By Eric Butler: PNT staff writer
Danielle Swopes was 41 years old when her first mammogram turned up the result most women fear: Positive for breast cancer.
Because the lump that turned out to be a cancerous tumor was discovered early, the Portales city library employee has continued on with her life.
When Swopes thinks about new recommendations for mammogram screenings released from a government-appointed panel of experts early in the week, she bristles.
According to the United States Preventive Services Task Force, women should begin regular breast cancer examinations at 50.
“I think it’s absurd; it’s just people trying to get out of taking care of women’s health issues,” Swopes said. “If I had not had mine done, there’s really no telling how it would have been found and when — and how bad it would have been.”
The American Cancer Society, which is opposing the task force’s findings, recommends a yearly mammogram for women, beginning at age 40.
It was because of that line of thinking, emphasized to the public through public service campaigns, that Swopes decided to get her first test.
“I kept putting it off, I turned 41, and just decided to do it. I went in and they just happened to find a spot. If it hadn’t been for the insistence of following that protocol, getting it done at 40, I would have put it off and no telling when it would’ve been found,” said Swopes, now 43.
“They didn’t know it was cancer at first, but they told me it was something you wouldn’t find with a self-exam — it only would’ve been found on a mammogram,” she added.
USPSTF recommendations also include only bi-annual mammograms for women in their 50s and 60s.

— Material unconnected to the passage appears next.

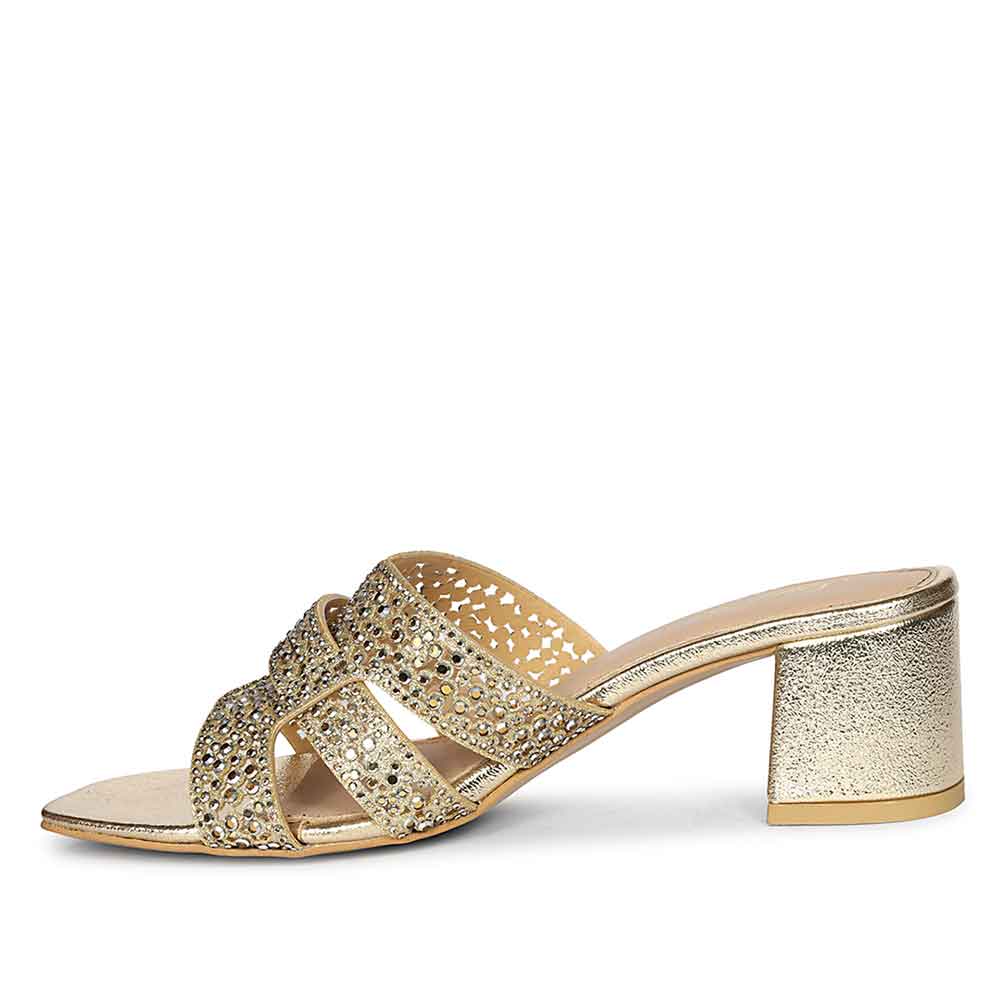 Saint Stevie Crystal Gold Leather Block Heels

As for self-examinations, the panel reports the technique has not “demonstrated a reduction in breast cancer mortality or significant improvements in the number or stage of cancers detected.”
Dorothy Nelson, community relations manager for the American Cancer Society for southeast New Mexico, said the organization she serves recommends three types of exams: Regular self-examinations, clinical examinations and mammograms starting at age 40.

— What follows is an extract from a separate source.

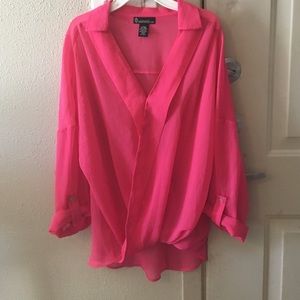Hot pink chiffon blouse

Nelson is a breast cancer survivor. Her’s was discovered at age 32.
“I don’t think much of it at all,” said Nelson about the USPSTF’s new guidelines. “I could be the poster child for self-examination and its effectiveness.”

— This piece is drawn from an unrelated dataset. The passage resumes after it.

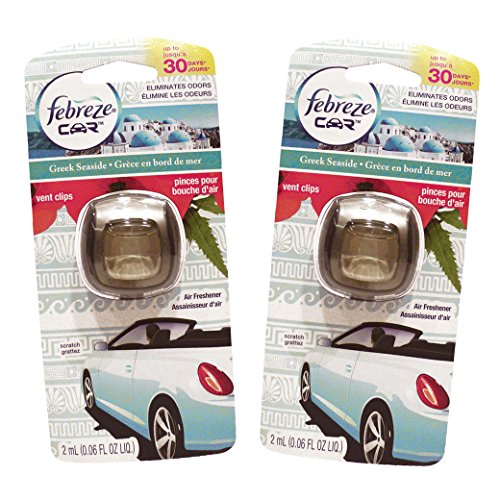 Febreze Car Vent Clips Air Freshener and Odor Eliminator, Greek Seaside - 2 Pieces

Other local women also are part of a chorus of backlash against the recommendations.
“I think somebody was smoking some wild weed,” said Suzanne West of Clovis.
West, 61, was 48 years old when she was diagnosed with breast cancer. She’s been in full remission for the past 12 years.
“Everybody’s important, everybody’s viable,” West said. “But in their study, they act like some are expendable.”
Swopes and West suspect the underlying motive for the panel’s recommendations is money.
Swopes worries that insurance companies, based upon the new recommendations, will refuse to pay for mammograms for women under 50.
“I’m afraid that’s where it’s going to go,” Swopes said. “The insurance companies, already for the last few years, have been wanting mastectomies dealt with as a one-day outpatient kind of surgery, just because they don’t want to pay for a two-, three- or four-day stay.”
West flatly asserted that she thinks “it’s a money move for the insurance companies.”
Kathlees Sebelius, secretary of Health and Human Services, backed away from the USPSTF’s findings only two days after they were released.
It was Sebelius’ agency that appointed the members of the panel and at a press conference Wednesday, she said the task force “does not set federal policy and they don’t determine what services are covered by the federal government.”
On the topic of insurance, Sebelius said she’d be surprised “if any private insurance company changed its mammography coverage” because of the new recommendations.
“I think it’s just all confusing to women and to doctors,” Nelson said.